No olvidemos que las famosas características del rey, de las que hablan todos los observadores, son igualmente visibles, aunque a veces en un grado menor, en su esposa Nefertiti, en los miembros de su misma familia, los signatarios de la corte e incluso los funcionarios de menor rango.

¿Hay que deducir que una verdadera epidemia se abatió sobre el conjunto de la corte de Akenatón y que el síndrome de Fröhlich se extendió a una velocidad fulgurante? ¿No sería mejor buscar en otra dirección y admitir que los artistas, por orden del rey, crearon voluntariamente tipos artísticos que ahora nos parecen extraordinarios porque no comprendemos su intención?

Las observaciones de Jean Servier me parecen muy 'juiciosas: «Los egiptólogos anglosajones deploran el aspecto enfermizo de Amenofis IV y su débil constitución. Tiene el rostro delgado, pero sensual, dicen, los hombros caídos, las caderas demasiado anchas para un hombre, y el vientre abultado ya… Además, los asuntos del Imperio no le inspiran ningún interés.

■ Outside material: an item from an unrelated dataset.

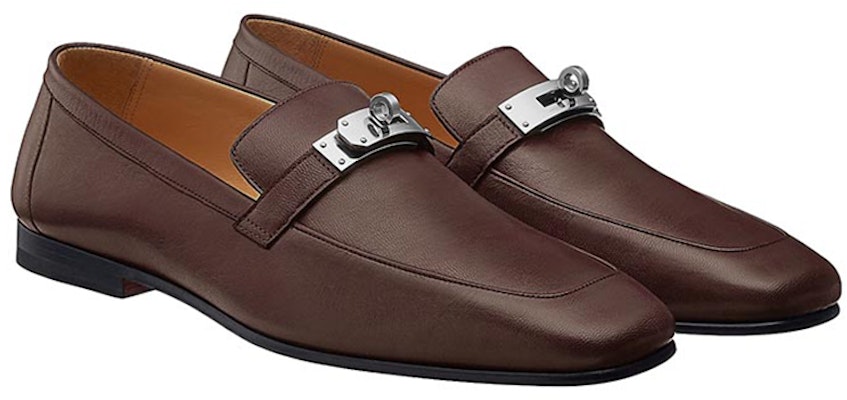 HERMES Goatskin Square Toe Loafer 'Dark Brown' H211977Z-H29 Order HERMES Goatskin Square Toe Loafer 'Dark Brown' H211977Z-H29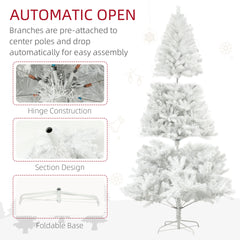 HOMCOM 9ft Tall Artificial Christmas Tree, Unlit Xmas Tree with 2132 Branch Tips, Auto Open, Steel Base, Holiday Décor for Home Office, White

Para sus colegas franceses, el príncipe es un idealista generoso, pero que se halla absorto en sus sueños, que carece de amplitud de miras, lo que evidentemente tenía que provocar su caída. A nadie parece haberle llamado la atención el rostro tranquilo del soberano, como bañado en la luz suave de las certidumbres al fin descubiertas. Nadie ha pensado en que el busto en gres de Amenofis IV, que en otro tiempo se alzaba en Karnak, abre una vía que volverá a emprender, muchos siglos más tarde, el arte greco-búdico. Quizá el problema no resida en saber si un faraón del siglo XIX antes de nuestra era podría haber sido en la actualidad un jugador de críquet, haber remado en el equipo de Cambridge u Oxford o si hubiera estado en su lugar en el banco de los ministros durante una de las repúblicas francesas». Las alabanzas y las críticas ponen de manifiesto el mismo desconcierto del mundo científico frente a la experiencia amarniana. Yo encuentro todos esos juicios excesivos y sumarios.

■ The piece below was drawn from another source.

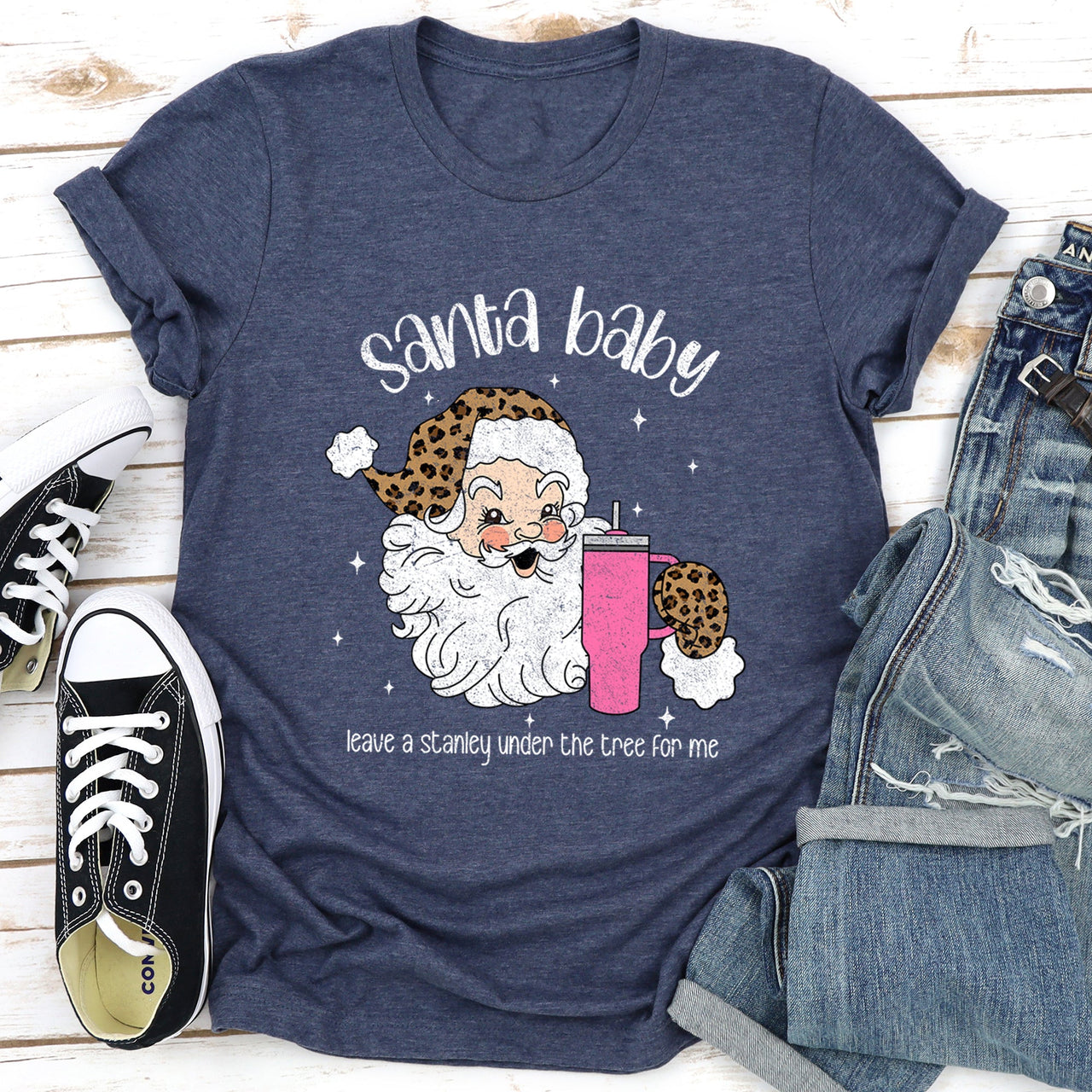 Santa Baby Stanley Retro Christmas Leopard Print Cozy Comfort Super Soft Graphic Tee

Simplifican una realidad que es, sin la menor discusión, compleja. Y sobre todo, olvidan el contexto egipcio. ¿Por qué empeñarse en juzgar a Nefertiti y Akenatón en función de nuestras concepciones modernas de la política y la religión? ¿Por qué obstinarse en encajarles a toda costa en los esquemas racionalistas heredados de la historia reciente y formular contra ellos críticas desde las alturas de una vanidad contemporánea que no tiene ninguna razón de ser?

Con los elementos de que disponemos y sin ocultar las numerosas zonas de sombra que subsisten, debidas a las lagunas de nuestra información, intentaremos ahora captar el genio propio de esta época, considerada como excepcional, y de este reinado, en apariencia extraño.